--- Supplied information ---

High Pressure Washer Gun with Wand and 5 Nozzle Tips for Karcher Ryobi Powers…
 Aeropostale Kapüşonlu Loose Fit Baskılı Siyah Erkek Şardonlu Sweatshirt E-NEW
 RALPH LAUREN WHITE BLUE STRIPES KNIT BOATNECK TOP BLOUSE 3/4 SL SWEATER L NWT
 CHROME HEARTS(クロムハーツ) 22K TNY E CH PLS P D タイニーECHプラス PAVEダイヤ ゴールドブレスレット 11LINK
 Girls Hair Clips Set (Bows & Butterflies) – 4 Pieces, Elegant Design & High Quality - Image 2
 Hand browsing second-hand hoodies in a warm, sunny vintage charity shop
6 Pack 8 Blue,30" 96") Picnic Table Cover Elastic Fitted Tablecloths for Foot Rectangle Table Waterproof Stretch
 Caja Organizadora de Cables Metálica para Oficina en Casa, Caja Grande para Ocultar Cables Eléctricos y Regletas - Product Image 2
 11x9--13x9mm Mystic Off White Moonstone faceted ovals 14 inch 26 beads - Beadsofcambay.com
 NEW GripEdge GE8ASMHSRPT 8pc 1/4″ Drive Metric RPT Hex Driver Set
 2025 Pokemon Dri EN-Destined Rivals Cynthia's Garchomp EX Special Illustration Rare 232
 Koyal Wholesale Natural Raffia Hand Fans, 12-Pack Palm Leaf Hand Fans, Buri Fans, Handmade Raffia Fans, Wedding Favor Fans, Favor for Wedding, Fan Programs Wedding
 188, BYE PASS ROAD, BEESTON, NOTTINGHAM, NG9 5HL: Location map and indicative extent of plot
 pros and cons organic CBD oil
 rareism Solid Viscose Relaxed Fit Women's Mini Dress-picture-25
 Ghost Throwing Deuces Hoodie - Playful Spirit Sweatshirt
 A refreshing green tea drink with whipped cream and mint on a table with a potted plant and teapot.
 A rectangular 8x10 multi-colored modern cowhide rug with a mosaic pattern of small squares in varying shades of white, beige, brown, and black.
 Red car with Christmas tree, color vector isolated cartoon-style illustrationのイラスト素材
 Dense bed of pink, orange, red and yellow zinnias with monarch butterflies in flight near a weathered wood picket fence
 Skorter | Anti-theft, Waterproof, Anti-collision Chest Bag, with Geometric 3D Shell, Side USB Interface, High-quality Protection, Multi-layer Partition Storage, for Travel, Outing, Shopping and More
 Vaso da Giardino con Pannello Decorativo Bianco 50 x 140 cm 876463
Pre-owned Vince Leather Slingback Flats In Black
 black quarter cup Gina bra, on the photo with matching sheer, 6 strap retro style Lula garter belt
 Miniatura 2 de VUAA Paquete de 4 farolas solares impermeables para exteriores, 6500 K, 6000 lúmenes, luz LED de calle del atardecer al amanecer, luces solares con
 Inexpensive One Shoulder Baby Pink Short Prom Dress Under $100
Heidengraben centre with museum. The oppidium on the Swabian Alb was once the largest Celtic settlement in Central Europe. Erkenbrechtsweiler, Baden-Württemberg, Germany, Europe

---

Description of the task
Wherever a line of the records above contains the string "High", copy that line out.

Exercise output
High Pressure Washer Gun with Wand and 5 Nozzle Tips for Karcher Ryobi Powers…
 Girls Hair Clips Set (Bows & Butterflies) – 4 Pieces, Elegant Design & High Quality - Image 2
 Skorter | Anti-theft, Waterproof, Anti-collision Chest Bag, with Geometric 3D Shell, Side USB Interface, High-quality Protection, Multi-layer Partition Storage, for Travel, Outing, Shopping and More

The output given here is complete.